Movimiento Ciudadano en la mira por patrocinio a congreso de “masculinidad” en GDL

El respaldo de gobiernos de Movimiento Ciudadano al llamado “Congreso de Masculinidad más Grande de Latinoamérica” no sólo exhibe una cercanía con posturas conservadoras, sino que reaviva cuestionamientos por el uso de recursos públicos.

Entre promoción oficial, patrocinio institucional y exclusividad económica, el caso brinda un debate sobre los márgenes entre gobierno, religión y hasta agenda política. La presencia de logos oficiales, y una aportación de aproximadamente 400 mil pesos en financiamiento colocan el uso de recursos de todos para la proyección del evento. 

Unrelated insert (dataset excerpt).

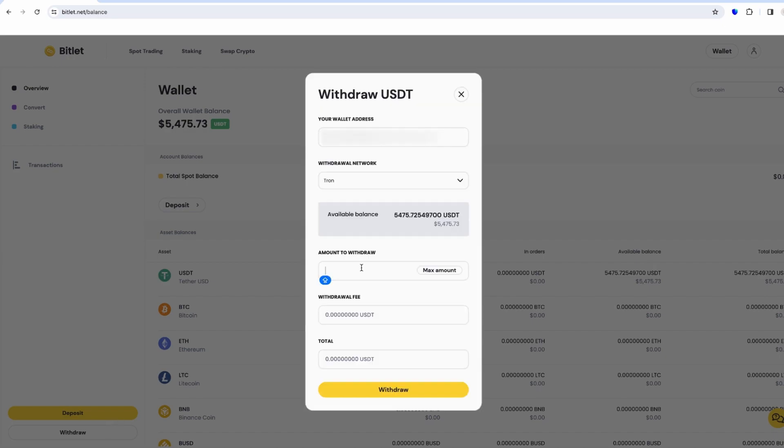To withdraw funds from Bitlet.net, you need to click on the withdrawal button in your portfolio, then select a coin. In my case, I want to withdraw 5,000 US dollars to the Tron network. However, I already have a trading limit because I made an interesting combination on the spot, but that's another story.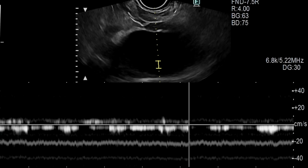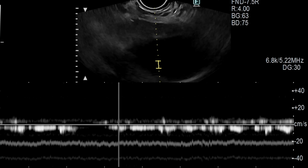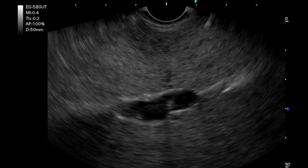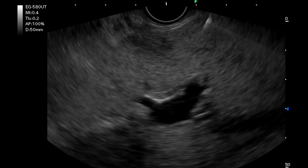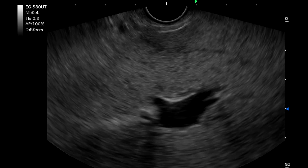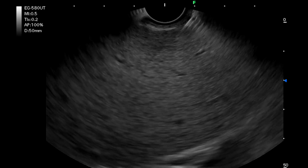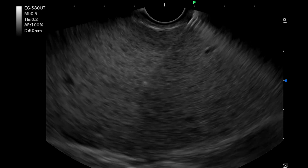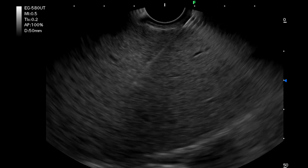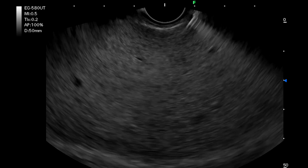The portal vein was punctured, and the average of three readings was obtained to be 28 mmHg. As the pressure gradient was 13 mmHg, the patient was diagnosed to have portal hypertension. Subsequently, a liver biopsy was performed at the request of the hepatologist in the same setting for assessment of disease activity.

La realización del evento en el Santuario de los Mártires en Tlaquepaque, Jalisco, no se llevaría a cabo por sí solo. Lo cuestionable surge cuando las instancias de gobierno, encabezadas por Pablo Lemus, así como autoridades municipales como Juan José Frangie, aparecen como patrocinadores.

En lugar de fungir como autoridades imparciales, se posicionan como promotores de un discurso inclinado hacia la identidad y roles de género. 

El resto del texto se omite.